On Mon, 02 Oct 2017 00:26:27 -0700, alex.jakimenko@gmail.com wrote:

Show quoted text> Oh. Maybe it's

https://rt.perl.org/Ticket/Display.html?id=127279 ?
>
> On 2017-08-26 08:01:06, alex.jakimenko@gmail.com wrote:

> > Indeed, I'm not sure what I was smoking.
> > On 2017-01-20 21:27:50, smls75@gmail.com wrote:

> > > > It numifies ranges so that the number of elements is used.
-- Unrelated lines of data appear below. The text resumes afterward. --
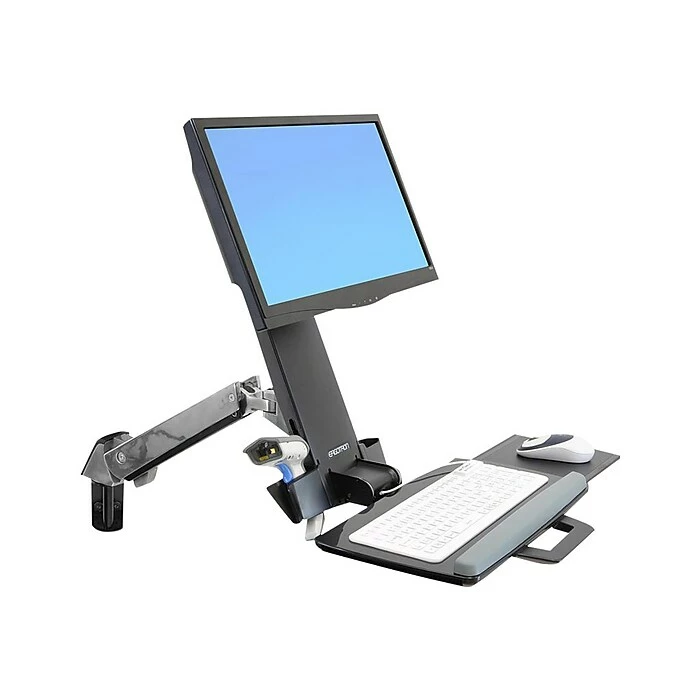 Ergotron StyleView Sit-Stand Combo Arm, Up To 24" Monitor, Polished Aluminum (45-266-026) - Image 5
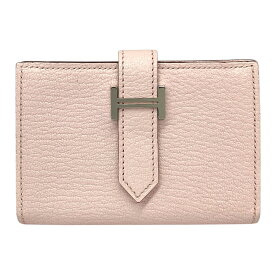 【中古】｜HERMES エルメス ベアン ミニ W刻印 二つ折り財布 コインケース カードケース パスケース レザー ピンク シルバー金具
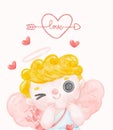 Cute watercolour happy Valentine little blonde curly hair cupid boy with mini heart hand gesture cartoon character hand painting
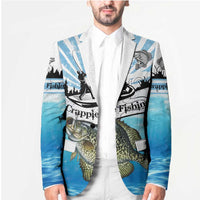 Personalized Crappie Fishing Blazer with Lake Water Splash Scene and Sunrise Silhouette Angler Design - Wonder Print Shop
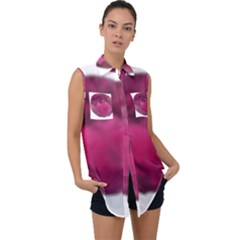 Fun Fuschia Sleeveless Chiffon Button Shirt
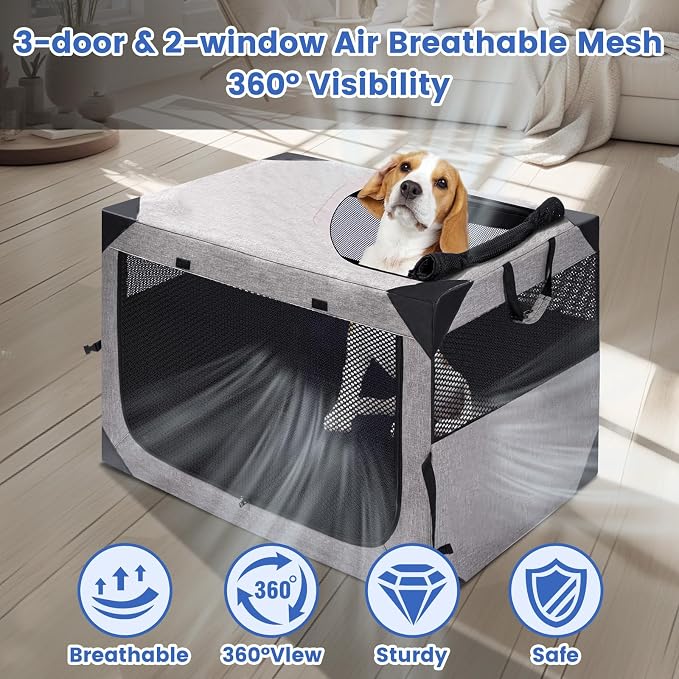Dog Crate,36x25x25 Inch Large Dog Crate for Large or Medium Dogs, Portable and Foldable Design of Dog Cage, Perfect for Travel or Home Use, Dog Kennel with 2-Door and Durable Mesh Windows, Light Grey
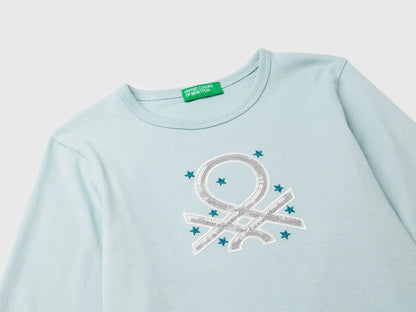 Benetton_Aqua_T-Shirt with Print and Sequins_3ATNG10KZ_17H_03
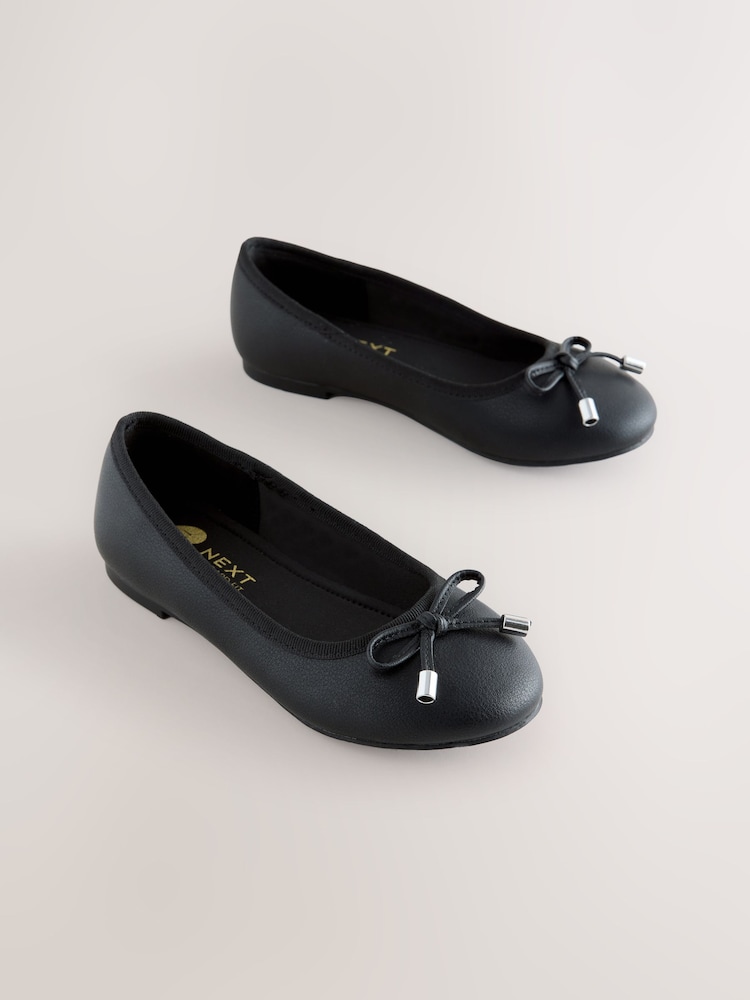 Black Matte Standard Fit (F) Ballerina School Shoes - Image 1 of 5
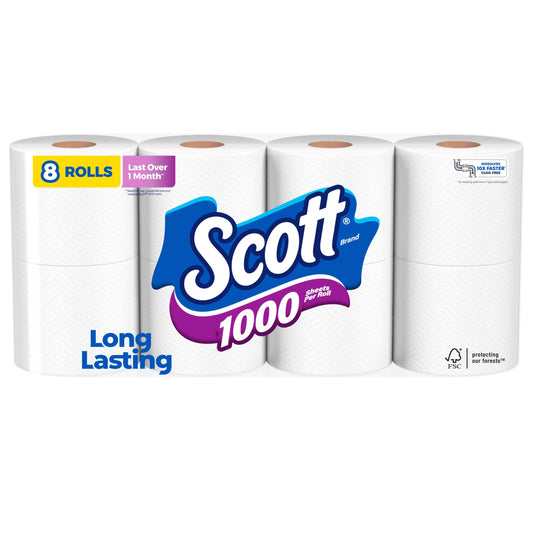 Scott 1000 Toilet Paper, 8 Rolls, Septic-Safe, 1-Ply Toilet Tissue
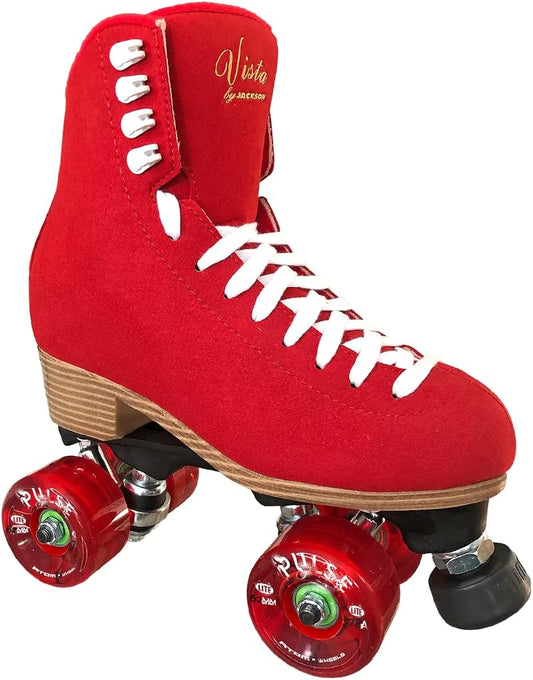 Jackson Ultima Vista Viper Nylon Outdoor Skates for Womens & Girls, Red - Size 4 (Like New)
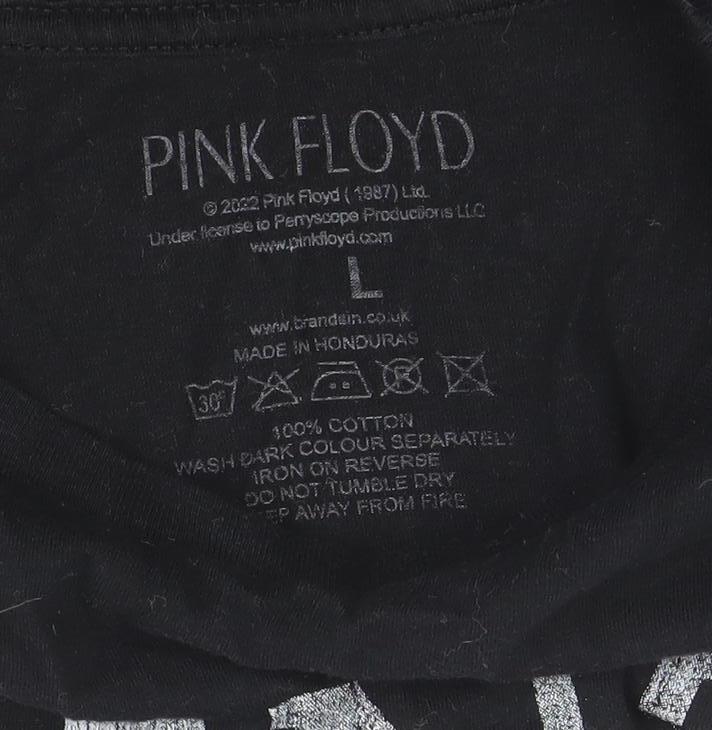Pink Floyd Men's Black Large Band Graphic Cotton T-Shirt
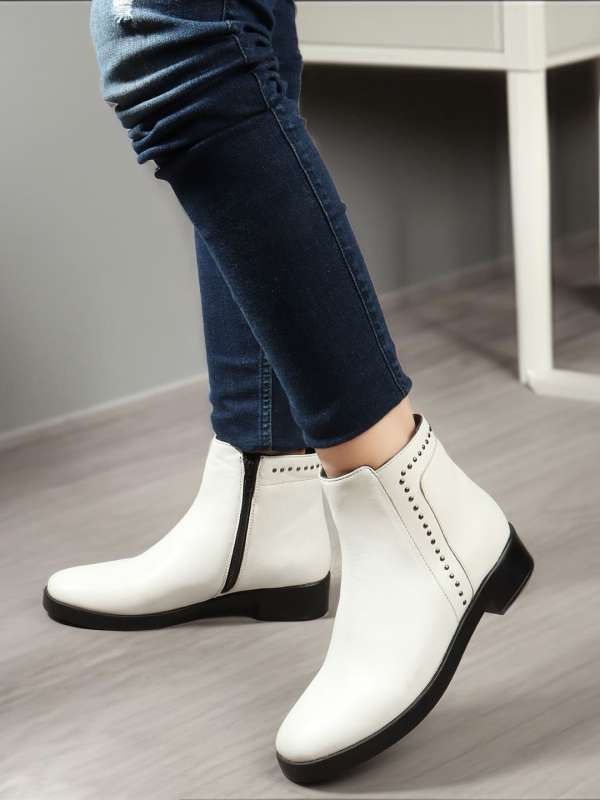 Women White Flat Boots Buy Women White Flat Boots online in India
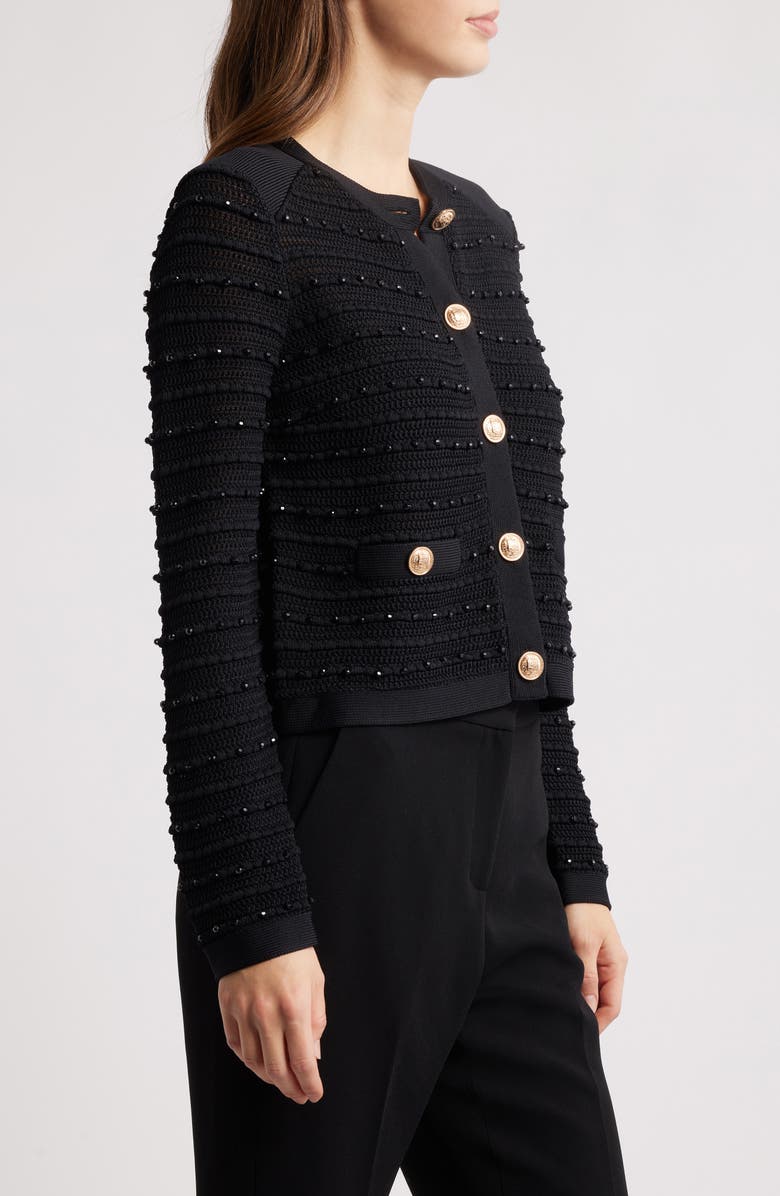 Milly Beaded Textured Cardigan, Alternate, color, Black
In other
> > > > words, 1..2
> > > > works like 2 and 1..1 works like 1.

> > >
> > > No, if it worked like that then the first two examples would throw the
> > > same error as the third, instead of exhibiting behaviors that are both
> > > different from that and from each other.
> > >
> > > Here are two more examples, showing the difference in case of an
> > > actual arithmetic series:
> > >
> > > ➜ say 1..1, 3 ... 7;
> > > (1..1 3 4 5 6 7)
> > >
> > > ➜ say 1, 3 ... 7;
> > > (1 3 5 7)

This may be operating as designed.
First, note that in ..., you are not guaranteed that all the elements in the first list are returned:
$ perl6 -e 'say 1,2,3,4...3'
(1 2 3)
...as soon as the 3 on the lhs matches the 3 on the rhs, the sequence terminates.
And yes, some of this is due to ranges collapsing to +.elems. The comparison to
the first value of the rhs list is a smart match, to wit:
$ perl6 -e 'say (4..7) ~~ 4'
True
$ perl6 -e 'say (4..8) ~~ 4'
False
..only a 4-element list smartmatches 4.
So for the above examples here is what is happening:
1..2,7,5...2; # 1..2 matches 2. Emit it and stop.
1..1,7,5...2; # nothing matches the 2. So we follow the spec...
where we fall under the "they do not look like numbers" clause,
since the range is not a simple number (as an aside, note that
((1..1) - 7) is (6..6))
So we skip doing this:
"That is, supposing we call the last three numbers C<$a>, C<$b>, and
C<$c>, and then define:
$ab = $b - $a;
$bc = $c - $b;
If C<$ab == $bc> and C<$ab> is not zero, then we deduce an arithmetic
progression determined by the function C<*+$ab>. If C<$ab> is zero,
and the three values look like numbers, then the function is C<*+0>."
...and we do this instead:
"If they do not look like numbers, then the function selected is either
C<*.succ> or C<*.pred> depending on whether C<$b cmp $c> appears to be
Increasing or Decreasing. If C<cmp> returns Same then an identity
function is assumed."
...$b is 7 and $c is 5, so we call .pred on 5 until we get a result that matches 2.
1,7,5...2; # We have three actual trailing numbers and should be able to deduce a pattern, but cannot.